Marel itself has been present in the duck sector for many decades. Its takeover of PMJ, a specialist in duck processing equipment, in 2021 has made it even stronger. Marel PMJ is now the only full-line supplier to the poultry processing industry.
Marel PMJ primary and secondary processing systems can handle Pekin, Barbary, Muscovy and Mullard ducks at line speeds of up to 7,000 ducks per hour. They handle product with the utmost care, safeguarding presentation, quality and yield.
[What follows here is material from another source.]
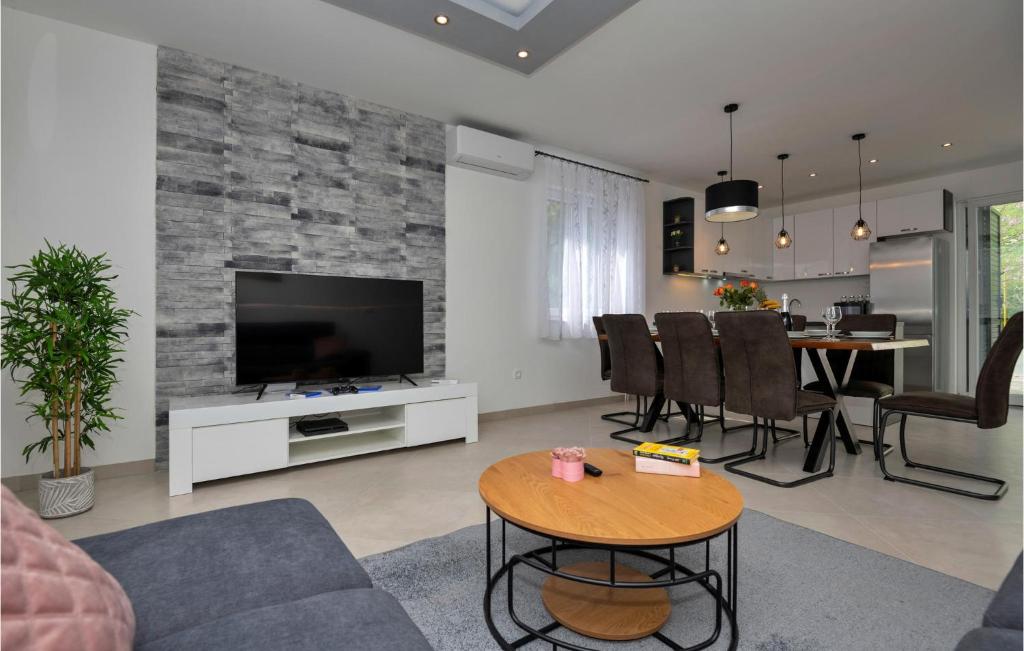 Beautiful Home In Zagvozd photo 3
As many processed ducks are still sold whole, skin quality is very important. This is particularly true in South-East Asia, where in some 3,000 bph processing plants, more than fifty operators are involved in manual pinning. Further operators are then needed to check skin quality in the secondary process. Automation, therefore, has the potential to save large numbers of people.
Plucking
Marel PMJ offers a wide range of plucking equipment, including Contramatic and drum pluckers. Depending on the task to be performed, Marel PMJ will always specify the most suitable plucker line-up.The Contramatic plucker consists of two counter-rotating drums equipped with long ribbed plucking fingers and, where specified, is always the first machine in a plucking line-up, where it removes most of the feathers leaving a minimum of finishing work to do.
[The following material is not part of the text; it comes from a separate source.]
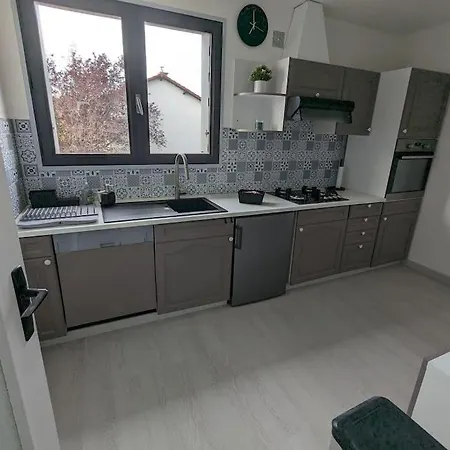 Maison - 2 A 6 Voyageurs - Aristide Briand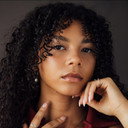 Simone Miller als Kalisha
Marel PMJ’s drum plucker can handle a wide variation in duck weights and really comes into its own when skin quality is paramount, as is always the case in South-East Asian processing plants. Drum plucking is in fact a traditional off-line way of inserting birds in a rotating drum where the centrifugal forces combined with the drum walls do the plucking job. It allows for easy adjustments to plucking time, rotation speed and number of products. Marel PMJ keeps drum plucking as much in-line as possible. The only labor required in a Marel PMJ drum plucking line is for reshackling ducks to the processing line after plucking. Everything else happens automatically, resulting in very considerable labor savings.
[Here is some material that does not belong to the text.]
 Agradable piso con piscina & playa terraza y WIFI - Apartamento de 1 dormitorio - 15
After plucking, ducks are waxed to remove stubble and down. During wax treatment, ducks can be shackled by both the legs and the head. This is known as three-point suspension. In this situation, a carrousel machine places the head of each duck automatically in the center slot of each shackle. Shackled this way, wax cannot enter the duck’s beak. To ensure sustainability, impurities picked up by the wax during the process are removed and the wax is recycled.
When hourly throughputs reach a certain level, automatic evisceration becomes a realistic proposition. Marel PMJ can offer full automation beginning with vent opening and finishing with inside/outside washing. The Vent Opener makes a hole just big enough for the spoons of the Nuova automatic eviscerator to enter. The Marel PMJ eviscerator removes internal organs cleanly, carefully and hygienically, depositing them in a tray on a synchronized belt. Both organs and the duck carcass, which they have come from, can then be inspected together by a veterinarian.